View Full Version : Barbara Harmer Concorde Pilot RIP
25th Feb 2011, 15:14
I have just heard that Barbara passed away on Sunday 20th Feb in St Wifred's Hospice, Chichester. I was ATC at LGW and met her the day she joined. Wonderful lady and will be very much missed.
25th Feb 2011, 16:32
Times Online (http://announcements.thetimes.co.uk/obituaries/timesonline-uk/obituary.aspx?n=barbara-harmer&pid=148805442)
25th Feb 2011, 16:42
I remember her well. She was my right hand woman one day doing a BCAL shuttle from LAX to San Diego in a DC10. This sector was meant to be flown at reduced speed for thinking time. For whatever reason, on that day we flew it at normal speed and after landing, I said "You see it's quite easy" and she replied "I'm still in Los Angeles." Consequently it amused me that she went on the Concorde.
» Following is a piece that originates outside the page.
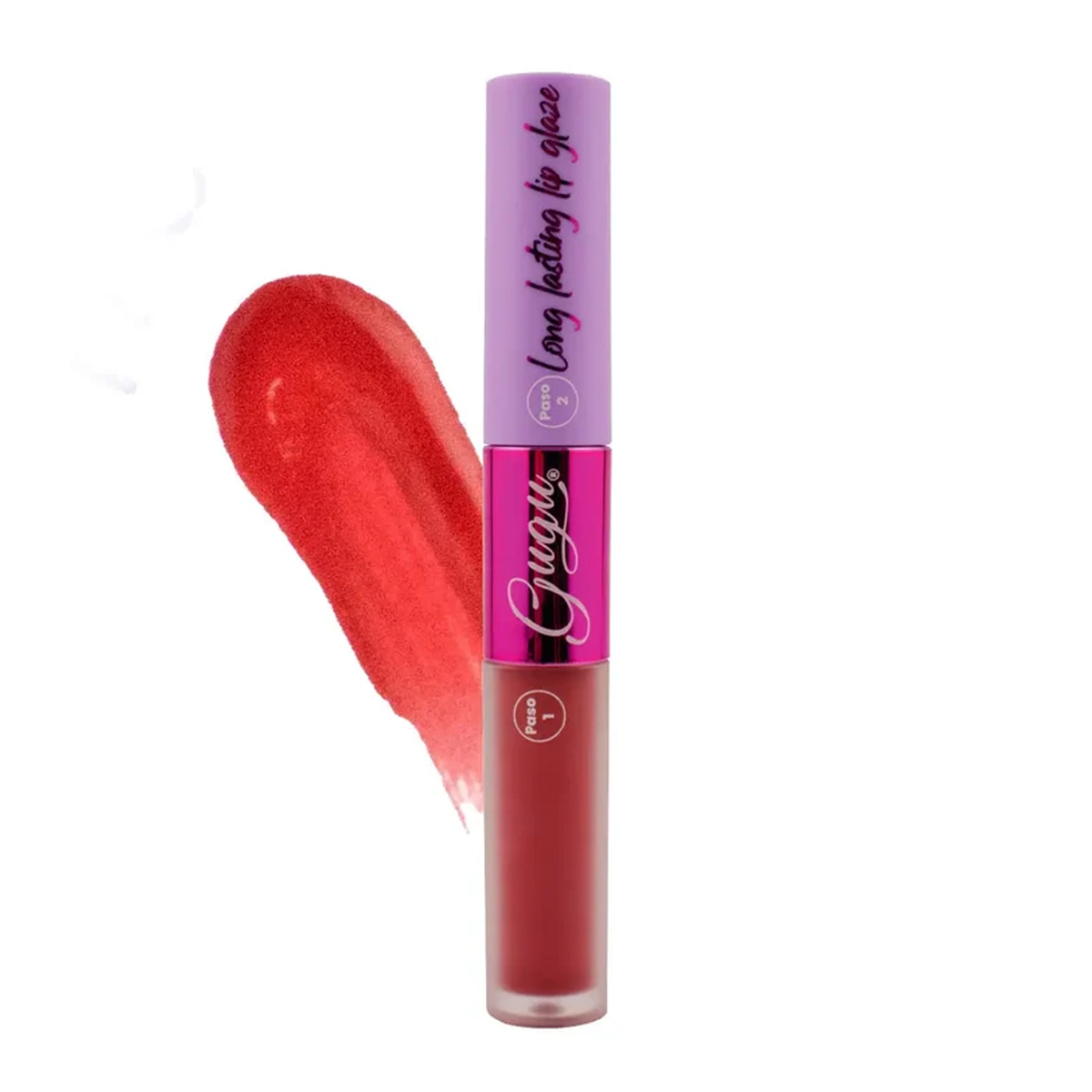 Brillo Labial Gugu Lip Glaze | Efecto Vidrio e Hidratante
A truly lovely lady, may she rest peacefully.
Indeed - a dreadful shame. I first met her at BOH on the IR course with SFC in 1982, and I think she went on to Genair after that, as I met her again at HUY a couple of years later. A fine lady.
26th Feb 2011, 08:12
What a shame (and a shock). I used to fly with her on the 1-11's in B.Cal. R.I.P.
26th Feb 2011, 10:25
I was on the same ATC assistant course with Barbara at the NATS college back in 1974. Then went on to work with her at Gatwick ATC before she made the change of career choice and went flying instead.
Taken too soon. RIP
27th Feb 2011, 18:36
I had the privilege of flying to New York on the flight deck of Concorde when Barbara was the First Officer. I envied her for her job (being a female pilot myself) and was delighted to find that she was witty, self-depracating, and a really lovely person. She has left us much too soon. Rest in Peace Barbara.
27th Feb 2011, 20:22
Can any ex-BCAL person please say how many female BAC 1-11 pilots BCAL had around 1980+ ?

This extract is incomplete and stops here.